Task objective:
Pull out every line below that contains the word "with".

Records shown:
BEGIN

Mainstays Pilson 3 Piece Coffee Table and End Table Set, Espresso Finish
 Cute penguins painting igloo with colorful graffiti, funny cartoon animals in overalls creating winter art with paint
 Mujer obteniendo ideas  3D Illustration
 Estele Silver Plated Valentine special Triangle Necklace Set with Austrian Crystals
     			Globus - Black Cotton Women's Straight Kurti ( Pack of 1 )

END
BEGIN

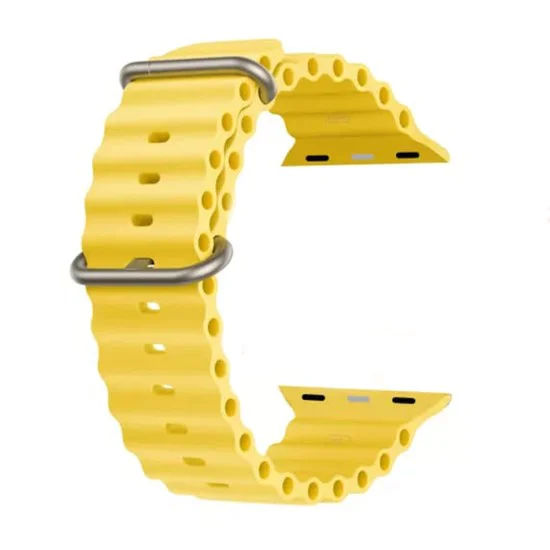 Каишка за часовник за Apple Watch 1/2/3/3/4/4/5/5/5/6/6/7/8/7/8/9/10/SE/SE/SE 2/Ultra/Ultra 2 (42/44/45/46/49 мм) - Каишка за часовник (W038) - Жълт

END

Problem solution:
 Cute penguins painting igloo with colorful graffiti, funny cartoon animals in overalls creating winter art with paint
 Estele Silver Plated Valentine special Triangle Necklace Set with Austrian Crystals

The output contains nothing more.